At a glance, Guy Steele’s influential plan for growth idea from his “Growing a Language” talk seems to contradict what I just said. Shouldn’t defining an interface help us plan for future, alternative implementations of the Mediator? Perhaps a different kind of a Mediator?

Removing the Mediator trait and simply renaming its only implementation will still keep the code working, with the benefit that there are fewer lines of code now, and it isn’t any harder to extend.

This is actually more in line with Steele’s idea. It doesn’t say anywhere a trait or interface cannot be distilled from a set of basic implementations. In other words, when our intuition says to prepare for repetition, we should identify them. The Gang of Four book was never a recipe book for building great programs. It was a catalog! They observed several kinds of large-scale systems and programs and extracted repetetive behaviours in the code, patterns. They never said that to do things right, one ought to use the visitor pattern, or this other pattern, otherwise your programs will be bad.

Back to interface distillation. Programming is about getting rid of repetition. The more experienced the programmer, the better they get at noticing patterns of repetition. The downside is that this may also lead to overengineering for repetition.

So, an experienced programmer thinks, this behaviour I have specificed may be repetitive, let me first create a construct that lets me share the repetition (an interface), and then proceed with the implementation. This is fine if the actual code is known to be repeated, but by seeing interfaces as a hammer and every bit of code as a nail, you will soon bury yourself in pointless dependency injection scenarios.

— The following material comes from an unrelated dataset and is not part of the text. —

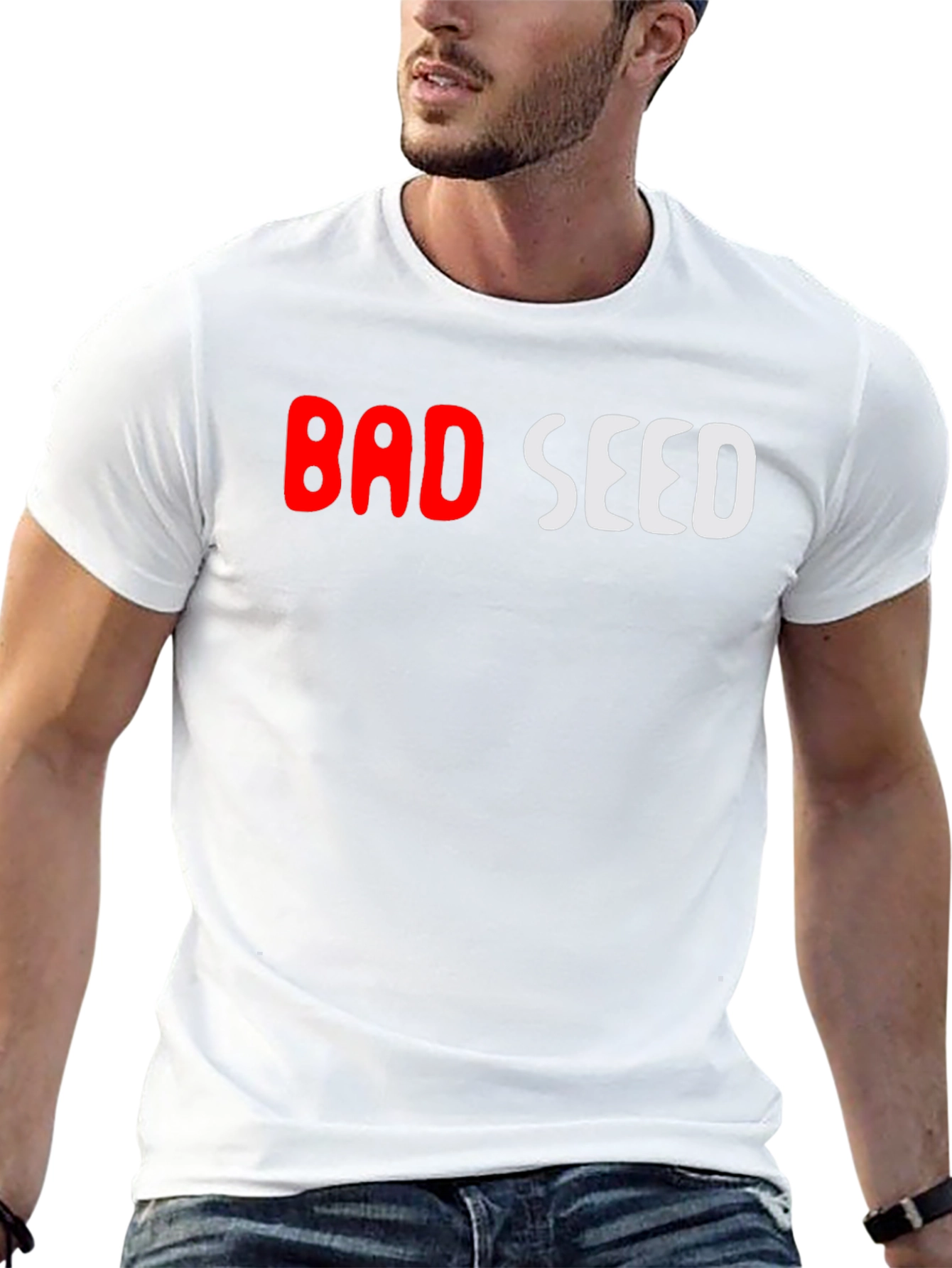 Bad Seed Graphic Tee - Cool Casual Cotton T-Shirt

It may be just as easy to first create a base implementation and once you must duplicate its behaviour, only then create the abstract implementation. You might actually need to spend less total time wiring up the interface, since you observed the repetition. Creating an abstract implementation first always involves a deal of speculation and this is not reliable.

The more experienced programmer understands that you don’t always need to plan for repetition. In fact, repetition is good sometimes. Not every shared functionality needs to be extracted to its own module, because sometimes, shared dependencies will be bad.

The approach I suggest is to in order to produce modularity as a side effect, structure your program into small, reusable pieces. Don’t create huge, monolithic interfaces. Functional programming shows us that dependency injection can be done just by passing a function.

class Foo(postponer: Request => Postponed[Request], delayer: =>Duration) {
  def resequence(requests: Seq[Request]): Seq[Postponed[Request]] = 
    requests map { r => postponer(r, delayer()) }

// ...
val m = Mediator()
val c = Clock()
val foo = new Foo(m.postpone, c.randomDelay)

One sees that a higher-order function like the above can be just as well represented by a trait with a single method. If you only need that method, you should depend only on that. With a structural type system it is easy to decompose types. An alternative is to stack traits, and in languages like Scala this is fairly easy. You could as well decompose Mediator into Validator, Postponer, et cetera, ideally interfaces should be fairly homogenous in their purpose: if your interface defines methods for reading, keep that interface separate from the writing interface, and if you need read and write just compose the interfaces together, and so on.

It also helps if your language is powerful enough to do without excessive DI – the reason why horrors like Spring exist is that Java simply wasn’t expressive enough to do dependency injection the traditional way without setting your hair on fire. That, and for some odd reason, people thought writing constructor arguments was so painful it warranted a gigantic framework for it.

Overall, it’s usually a good idea to toy around first with the concrete, and then extract the abstraction. Going the other way around is a dangerous swamp. It’s certainly something I’ve used to do – overengineer for patterns a priori – but I found better results by getting my hands dirty, by writing repetitive code first and then cleaning it up.